WHAT NEEDS TO BE DONE: Copying rule for the data below: take the line containing "The Heritage Suite | Rochester, NY" and every line after it to the end, exactly, and drop all pictures.

INFORMATION PROVIDED START

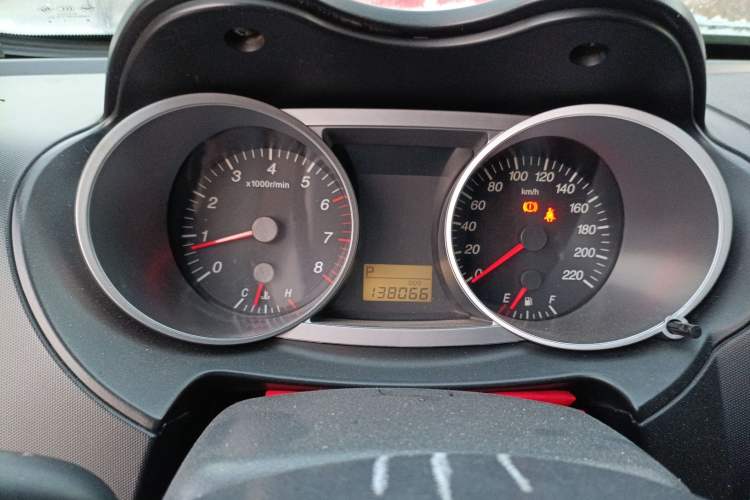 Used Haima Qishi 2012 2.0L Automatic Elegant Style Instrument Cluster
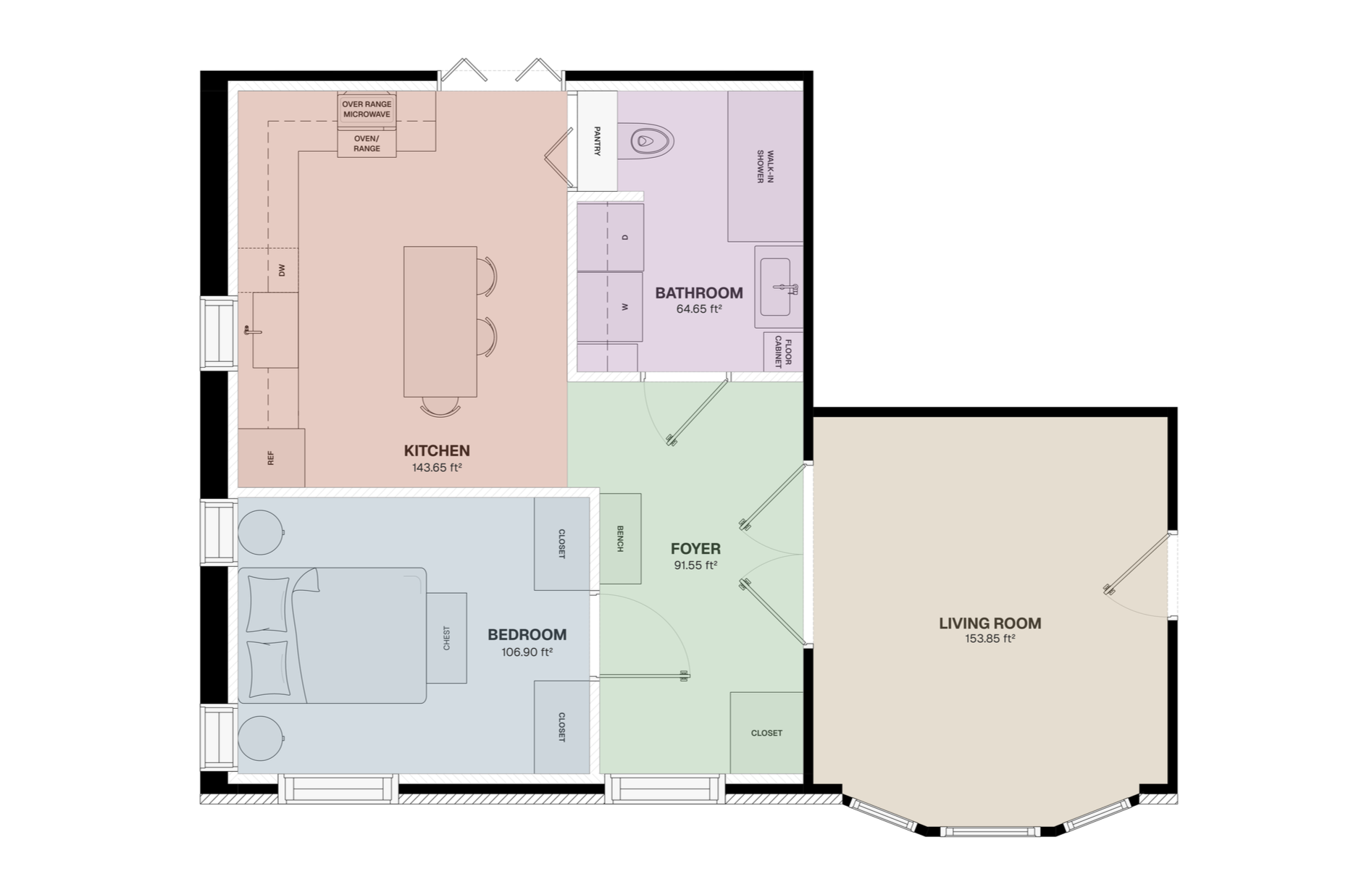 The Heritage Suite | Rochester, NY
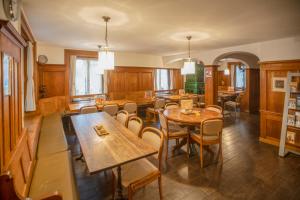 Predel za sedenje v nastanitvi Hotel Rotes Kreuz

INFORMATION PROVIDED END

RESULT:
 The Heritage Suite | Rochester, NY
 Predel za sedenje v nastanitvi Hotel Rotes Kreuz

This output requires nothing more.